-- Activity --
All of the data goes into your copy exactly as written. Images do not.

-- Source material --
────────

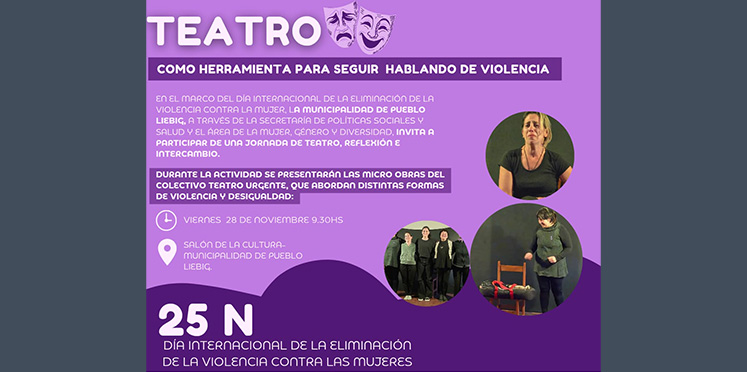 Teatro y Reflexión por el Día Internacional de la Eliminación de la Violencia contra la Mujer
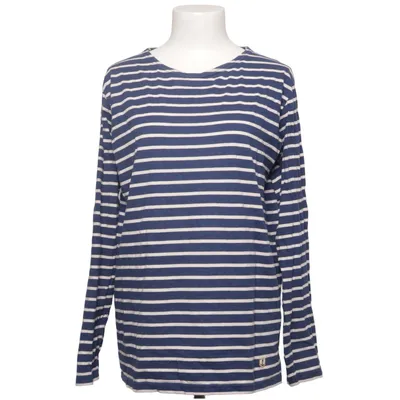 T-shirt à manches longues (Bleu, Blanc) de Armor Lux Coton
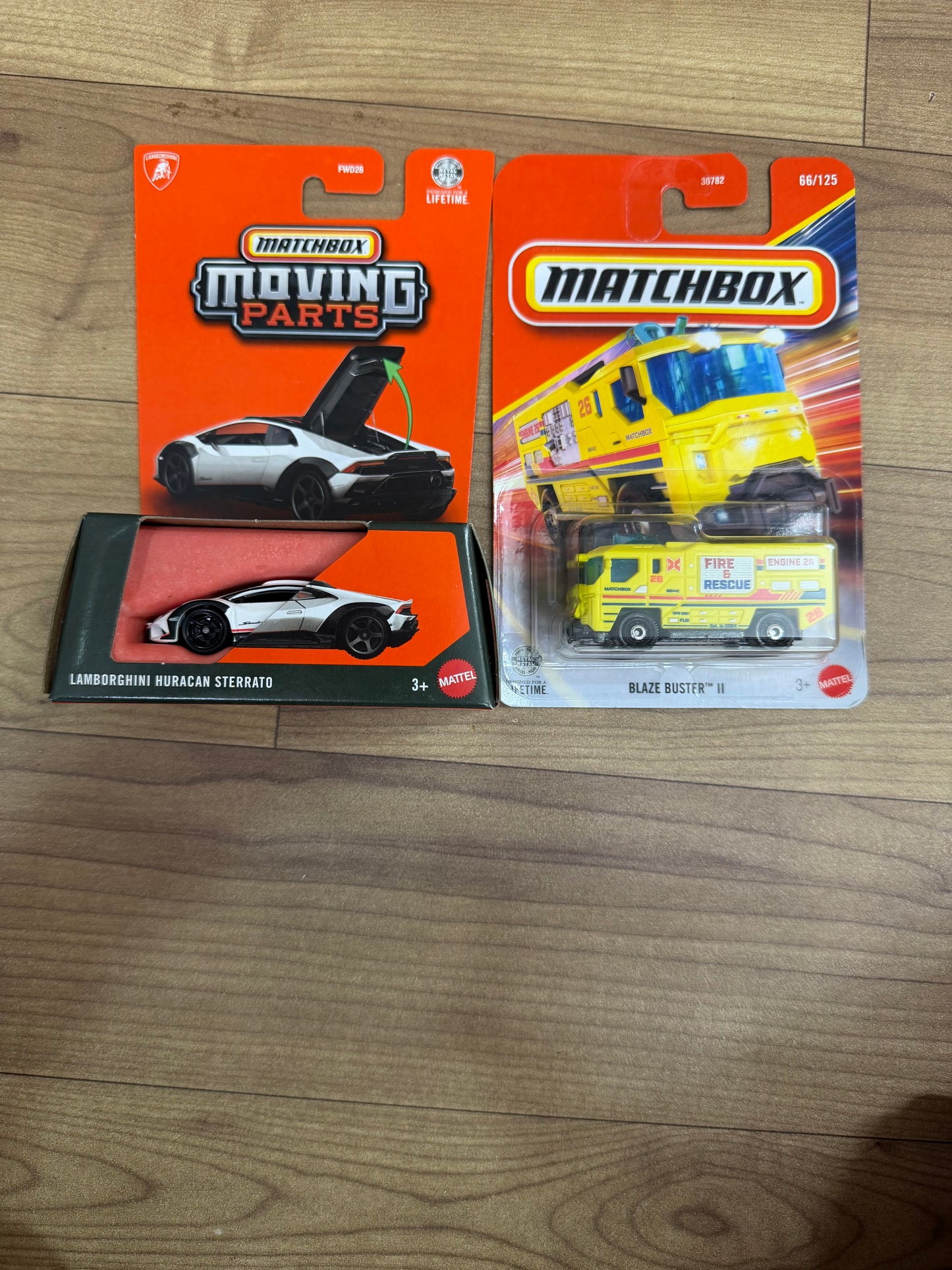 LAMBORGHINI HURACAN STERRATO- FWD28_MOVING PARTS MATCHBOX AND BLAZE BUSTER II (MATCHBOX CAR)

────────

-- Response to the task --
 Teatro y Reflexión por el Día Internacional de la Eliminación de la Violencia contra la Mujer
 T-shirt à manches longues (Bleu, Blanc) de Armor Lux Coton
 LAMBORGHINI HURACAN STERRATO- FWD28_MOVING PARTS MATCHBOX AND BLAZE BUSTER II (MATCHBOX CAR)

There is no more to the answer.